Beijing - More than 500 reservoirs were damaged by Monday's devastating earthquake in south-western China, posing a flood risk to several towns and cities, the government said on Thursday, prompting troops to evacuate as many people as possible from one town close to the epicentre of the quake.

A lake had formed on the Bai He river upstream from Beichuan town after a landslide caused by the earthquake blocked the river, an official from the Sichuan Seismological Bureau told Deutsche Presse-Agentur dpa by telephone.

Because of the high risk of flooding, troops evacuated everyone to higher ground before returning to continue their rescue work in Beichuan, which was home to about 30,000 people, state media said.

The Sichuan official declined to respond when asked how the government planned to tackle the blockage on the Bai He.

Officials estimated that up to 5,000 died in Beichuan, where about 80 per cent of buildings collapsed in the old town and 60 per cent in the new town.

The troops had evacuated more than 10,000 people from Beichuan, state media said late Thursday, but they were continuing to dig through rubble in the hope of rescuing some of the thousands of people still missing in the town.

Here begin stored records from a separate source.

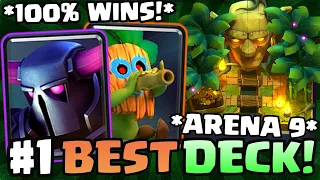 *NEW* #1 BEST DECK FOR ARENA 9 IN CLASH ROYALE!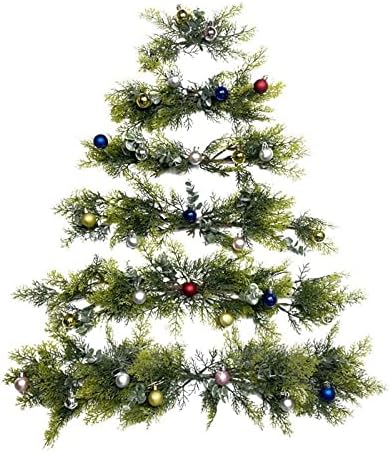 Zidno montirano božićno stablo zid montirano božićno drvce sa zvono prekrasnim kreativnim i jedinstvenim božićnim ukrasom zidni ukras božićnog stabla pogodan za zatvorene šatore događaja 10x10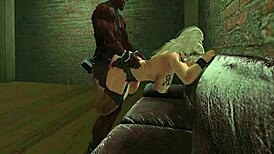 blonde hentai babe takes big cock in wild interracial mix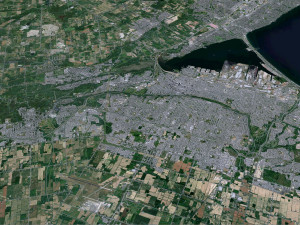 Hamilton Ontario city Canada 60km 3D मॉडल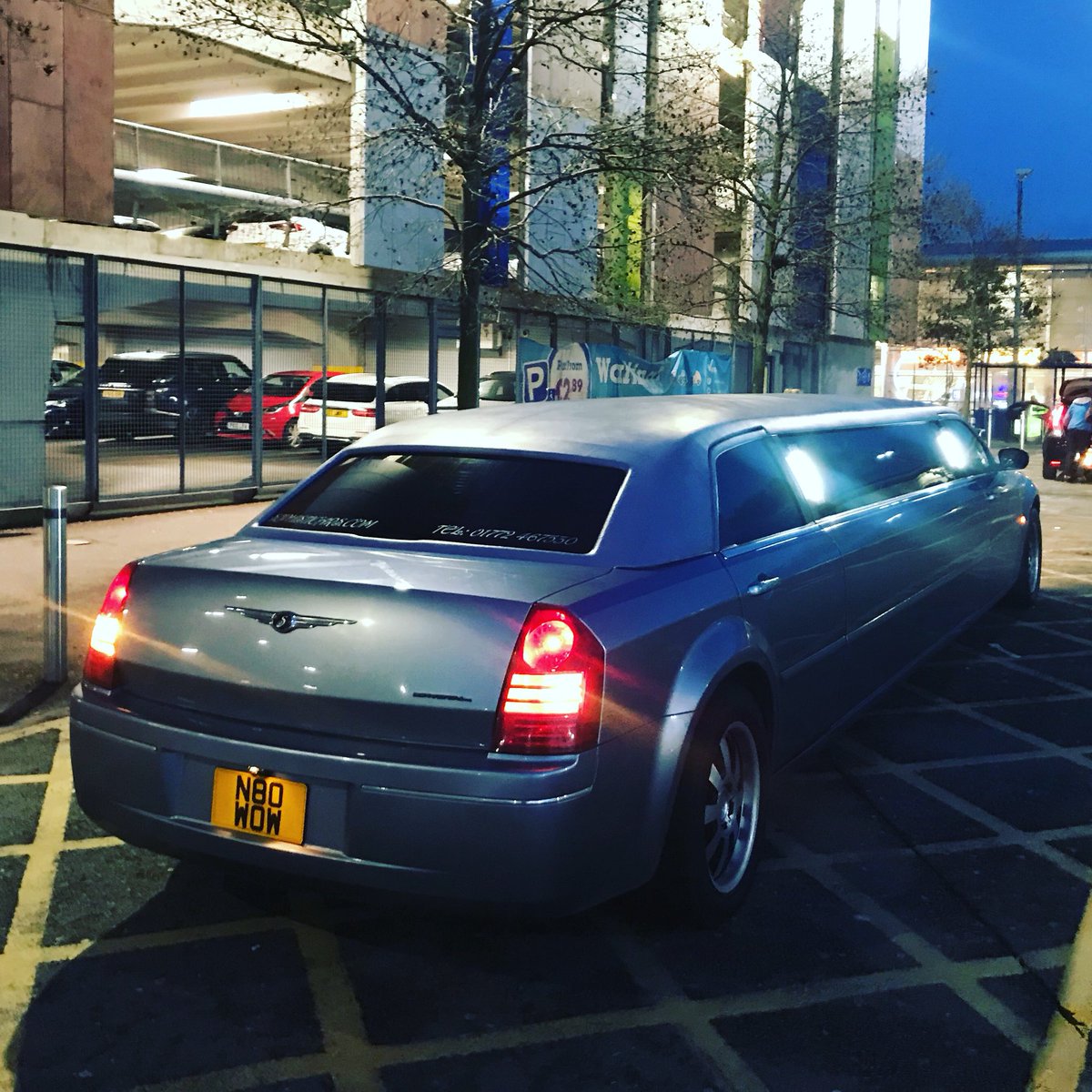 Sophisticars's tweet photo. Our #sapphire #babybentleylimo collecting @LPL_Airport for Angela’s #henparty #limotransfer #airporttransfer #henpartylimo #bluelimo #bluelimousine https://t.co/FnRFncoPO4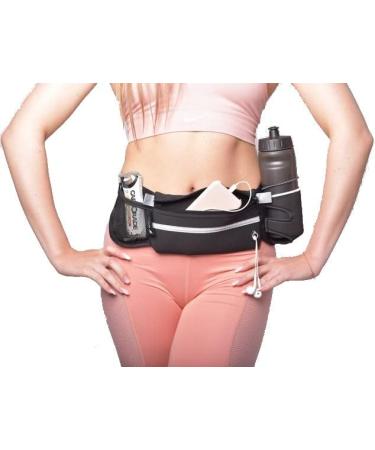 YDKW Running Belt Bag Fanny Pack for Men and Women with Foldable Water Bottle Holder(Bottles NOT Included) No Bounce Large Pocket Waterproof Waist Pack Hydration Running Phone Holder for Runners - Buy Online on GoSupps.com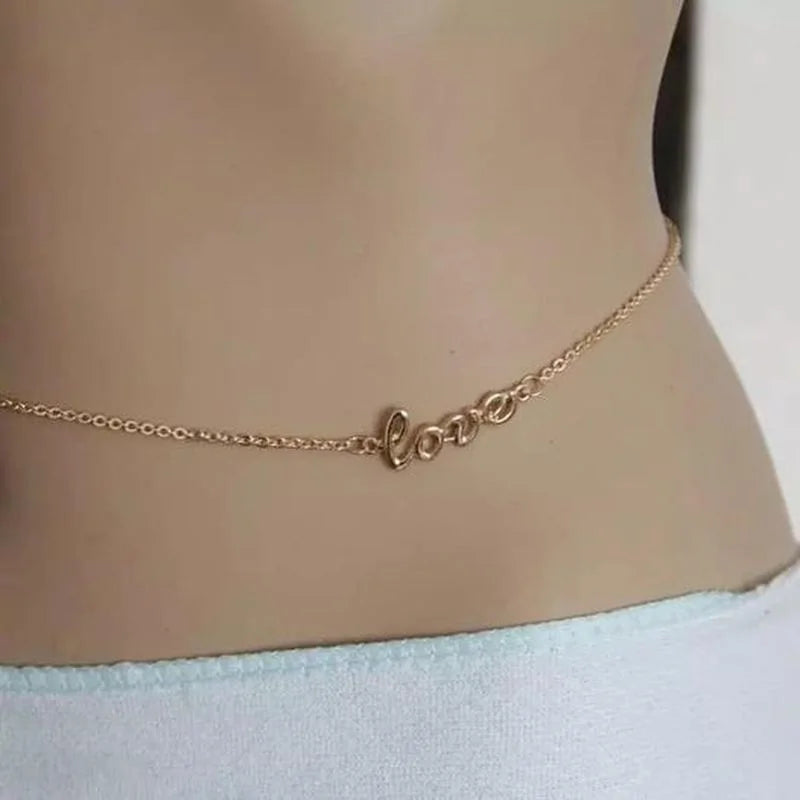 Personalized Belly Waist Chain Body Chain 3 Colors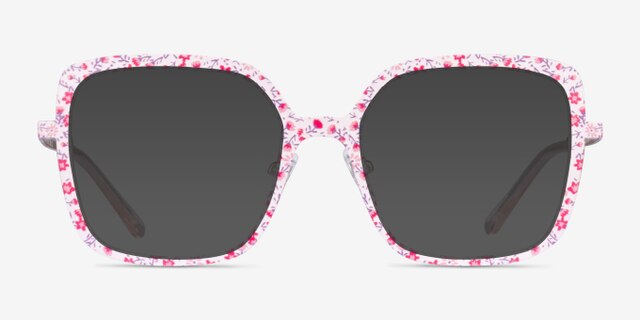 Althea Pink Floral MetalEyeglass Frames from EyeBuyDirect, with Tinted Lenses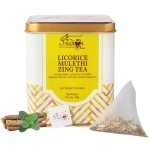 The Indian Chai - Licorice Mulethi Zing Tea 30 Pyramid Tea Bags for Immunity and Stress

The water ministry reported that 391 reservoirs were damaged in Sichuan, including two large reservoirs, with 129 damaged in the neighbouring region of Chongqing.

Minister of Water Resources Chen Lei on Thursday said that quake damage to rivers, dams, reservoirs and hydropower plants posed a 'serious threat' of flooding in several areas of Sichuan and neighbouring provinces.

Most reservoirs in Sichuan had sustained 'significant but still unknown damage' during Monday's 7.8-magnitude quake, state media quoted Chen as saying.

'Inadequate management systems and poor data collection' meant that officials also did not know the full extent of damage to hydropower plants, the official Xinhua news agency quoted him as saying.

Flood control at damaged reservoirs, hydropower plants and dikes would be a crucial part of the government's relief work, aided by satellite imaging and aerial photography, he said.

More residents may have to be evacuated along other rivers with a high flood risk, Chen said.

But the water ministry deemed the Zipingpu dam, close to the quake epicentre in Sichuan's Wenchuan county, 'structurally stable and safe,' the agency said.

Workers and engineers had rushed to build a temporary outlet from the reservoir behind the dam on Wednesday, after quake damage caused a build-up of water, cracked the dam wall, and destroyed buildings at the Zipingpu hydropower plant.

'If Zipingpu develops a serious safety problem, it could bring disaster to Dujiangyan city,' where some 500,000 people live downstream along the Min River, the ministry said in a statement on its website on Wednesday.

Paratroopers who gave an initial report to state media on Wednesday from Sichuan's isolated Maoxian county said two more dams were at risk of breaking at hydropower stations that were 'severely damaged' in the quake.

But the famous Dujiangyan irrigation system, which dates back more than 2,000 years, was reported safe.

There was also no significant impact from the quake on the massive Three Gorges dam and hydropower plant along the Yangtze River, reports said.

Monday's earthquake killed more than 50,000 people, according to a government estimate announced late Thursday.